Ø Terjadinya berbagai macam pemalsuan hadis.
2.
Mushannaf
adalah sebuah kitab hadis yang disusun berdasarkan bab-bab fiqhi, yang
didalamnya terdapat hadis marfu’, mauquf dan maqtu’. Karena mushannaf
adalah kitab hadis yang disusun berdasarkan kitab fiqhi, maka muwatta’ termasuk
didalamnya.
3.
Dinamakan
musnad apabila ia memasukkan semua hadis
yang pernah ia terimah dengan tanpa menerangkan derajat ataupun menyaring
hadis-hadis tersebut. Kiitab musnad berisi tentang kumpulan hadis-hadis, baik
itu hadis shahih, hasan dan dhaif.
4.
As
Sunnah yaitu kitab-kitab yang disusun berdasarkan bab tentang fiqhi, dan hanya
memuat hadis-hadis yang marfu’ saja agar dijadikan sebagai sumber bagi para
fuqaha dalam mengambil kesimpulan. As Sunnah tidak terdapat pembahasan tentang
sirah, aqidah, manaqib, dan lain-lain.
5.
Jami’
berarti sesuatu yang mengumpulkan, mencakup dan menggabungkan. Kitab jami’
adalah kitab hadis yang metode penyusunannya mencakup seluruh topik-topik
agama, baik aqidah, tharhah, ibadah, mu’amalah, pernikahan, sirah, riwayat hidup, adab, tafsir, tazkiyatu nafs dan
lain-lain.
6.
Ajza’
menurut istilah muhaddisin adalah kitab yang disusun untuk menghimpun
hadis-hadis yang diriwayatkan oleh satu
orang, baik dari generasi sahabat maupun generasi sesudahnya. Seperti
Juz hadis abu Bakar, dan juz hadis
Malik.
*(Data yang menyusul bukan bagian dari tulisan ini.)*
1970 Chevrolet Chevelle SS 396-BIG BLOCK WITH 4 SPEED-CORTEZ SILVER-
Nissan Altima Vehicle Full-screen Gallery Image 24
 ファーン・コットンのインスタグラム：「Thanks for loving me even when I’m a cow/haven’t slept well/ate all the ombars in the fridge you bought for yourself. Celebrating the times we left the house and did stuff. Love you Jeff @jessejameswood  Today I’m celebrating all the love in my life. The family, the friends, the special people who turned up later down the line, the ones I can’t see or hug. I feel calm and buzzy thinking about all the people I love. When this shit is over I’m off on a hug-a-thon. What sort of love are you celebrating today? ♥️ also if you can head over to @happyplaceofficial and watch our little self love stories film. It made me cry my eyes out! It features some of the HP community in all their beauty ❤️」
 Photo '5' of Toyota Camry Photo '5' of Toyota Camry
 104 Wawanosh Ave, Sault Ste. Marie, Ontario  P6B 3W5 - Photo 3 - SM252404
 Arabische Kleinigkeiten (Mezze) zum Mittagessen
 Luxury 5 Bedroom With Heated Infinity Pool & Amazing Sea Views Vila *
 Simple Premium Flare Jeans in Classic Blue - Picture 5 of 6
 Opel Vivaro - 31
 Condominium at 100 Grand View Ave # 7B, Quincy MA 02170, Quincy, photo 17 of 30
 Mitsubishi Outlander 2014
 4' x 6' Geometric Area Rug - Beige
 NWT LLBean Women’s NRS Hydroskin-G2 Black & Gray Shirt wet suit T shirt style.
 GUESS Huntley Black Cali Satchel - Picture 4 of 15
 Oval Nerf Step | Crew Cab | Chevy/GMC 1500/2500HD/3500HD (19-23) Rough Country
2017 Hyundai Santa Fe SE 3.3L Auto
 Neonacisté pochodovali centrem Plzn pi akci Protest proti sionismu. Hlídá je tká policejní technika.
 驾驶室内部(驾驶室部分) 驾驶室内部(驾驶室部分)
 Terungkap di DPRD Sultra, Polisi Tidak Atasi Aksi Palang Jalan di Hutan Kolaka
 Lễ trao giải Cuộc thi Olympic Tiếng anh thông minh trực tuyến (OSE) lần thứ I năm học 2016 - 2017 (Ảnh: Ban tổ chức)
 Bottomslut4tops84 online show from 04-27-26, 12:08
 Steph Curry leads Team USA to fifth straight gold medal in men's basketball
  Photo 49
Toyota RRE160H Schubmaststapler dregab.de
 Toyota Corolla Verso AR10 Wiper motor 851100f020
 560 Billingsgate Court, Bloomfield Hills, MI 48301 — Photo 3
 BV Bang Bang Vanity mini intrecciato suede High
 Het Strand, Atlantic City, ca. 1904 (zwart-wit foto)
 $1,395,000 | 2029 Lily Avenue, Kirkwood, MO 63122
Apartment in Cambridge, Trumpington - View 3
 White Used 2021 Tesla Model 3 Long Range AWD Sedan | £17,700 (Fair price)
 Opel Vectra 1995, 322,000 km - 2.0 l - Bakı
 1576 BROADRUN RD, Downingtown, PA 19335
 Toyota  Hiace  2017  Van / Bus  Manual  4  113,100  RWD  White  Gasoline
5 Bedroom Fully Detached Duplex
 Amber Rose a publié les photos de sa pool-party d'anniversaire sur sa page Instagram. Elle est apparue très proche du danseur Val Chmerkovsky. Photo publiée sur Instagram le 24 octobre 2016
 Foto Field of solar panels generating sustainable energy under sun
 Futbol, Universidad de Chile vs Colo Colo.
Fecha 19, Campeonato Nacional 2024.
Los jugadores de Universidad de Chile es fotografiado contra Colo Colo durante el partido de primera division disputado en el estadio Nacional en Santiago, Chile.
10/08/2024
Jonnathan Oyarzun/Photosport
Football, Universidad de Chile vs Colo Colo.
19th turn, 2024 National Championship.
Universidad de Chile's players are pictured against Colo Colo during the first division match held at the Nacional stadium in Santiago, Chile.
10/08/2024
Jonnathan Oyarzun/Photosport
Pengertian yang lain adalah kitab hadis yang memuat hadis-hadis tentang
tema-tema tertentu.
7.
Kitab
hadis dinamakan shahih apabila didalam penulisannya, penulis hanya mencantumkan
hadis-hadis yang dianggap shahih saja oleh penulis. Contoh kitab shahih adalah
kitab shahih al-Bukhariy dan kitab shahih Muslim.
8.
Yang
dimaksud dengan jenis al athraf adalah kumpulan hadis dari beberapa kitab
induknya dengan cara mencantumkan bagian atau potongan hadis yang diriwayatkan
oleh setiap sahabat. Penyusunan hanyalah menyenbutkan beberapa kata atau
pengertian yang menurutnya dapat dipahami hadis yang dimaksud. Sedangkan
sanad-sanadnya terkadang ada yang
menulisnya dengan lengkap dan ada yang menulisnya dengan mencantumkan
sebagiannya saja.
9.
Mustakhraj
adalah kitab hadis yang memuat matan-matan hadis ya ng diriwayatkan oleh
Bukhary atau Muslim atau kedua-duanya atau lainnya, kemudian sipenyusun
meriwayatkan matan-matan hadis tersebut dengan sanad sendiri yang berbeda.
Misalnya: mustakhraj shahih bukhary susunan Al Jurjaniy.
10.
Penyusun
kitab al mustadrak adalah kitab yang disusun untuk memuat hadis-hadis yang
tidak dimuat didalam kitab-kitab hadis sebelumnya, padahal hadis itu shahih
menurut syarat yang dipergunakan oleh ulama tesebut. Salah satu kitab Mustadrak
yang terkenal adalah al Mustadrak ala
Shahihaini karaya al Hakim al Naisabury (321-405 H).